And this reader says digital and analog radio are like oil and water


Responding to “Doesn’t Anyone Build Anything Anymore,” RW Oct. 25 issue:

Like many, my first brews were HeathKits, Eico kits and Knight kits, then the carrier current AM 6146 transmitters in my college radio station.

With a background in homegrown amateur radio gear (Rochester VHF group president, home-made 2m FM, [single] sideband and test equipment), I went to HCJB to build the HC100 series transmitters. I was responsible for the DSP solid-state modulator.

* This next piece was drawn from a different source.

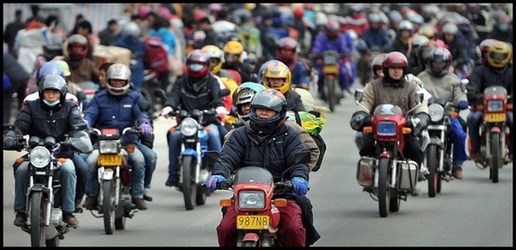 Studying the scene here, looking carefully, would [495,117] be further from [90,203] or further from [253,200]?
[253,200]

Now I am doing FM again, and find the need for FM “heat maps” simultaneously recording the signal strengths of multiple FM stations on the same channel as a function of location to combat the rampant piracy on today’s FM band. The prototype uses a Raspberry Pi and laptop, but the distributable units will use an Android pad or phone. The detector is a USB RTL stick. Directivity is provided by an electrically rotatable four-square array on the car roof, which can also serve for a Doppler DF system when only one signal is receivable.

Bob Moore, WB2L

It was in the early ’60s, as I recall, at station WRKT(FM) in Cocoa Beach, Fla., when the FCC was requiring stations to carry news in addition to their regular programming. Our FM station was automated with a Schafer 800 system, nothing digital about it. The station didn’t have the money to buy their network joiner from Schafer, so I was faced with finding a way to “make it happen.”

The only thing I had to make the station ID was a reel-to-reel playback that we had been using to give time breaks (a Schafer unit) which I converted to have the station IDs on. How to cue it … the only thing available was the Schafer one-hour timer that ran the whole system. I took my cue from that to start the tape deck to provide the station ID, then to switch the audio from automation to NBC for the news. I built a two-step switch that dropped the audio level in 3 dB steps to fade the automation to NBC. When the news ended (five minutes), the timer cued the two-step switch to go back to the automation.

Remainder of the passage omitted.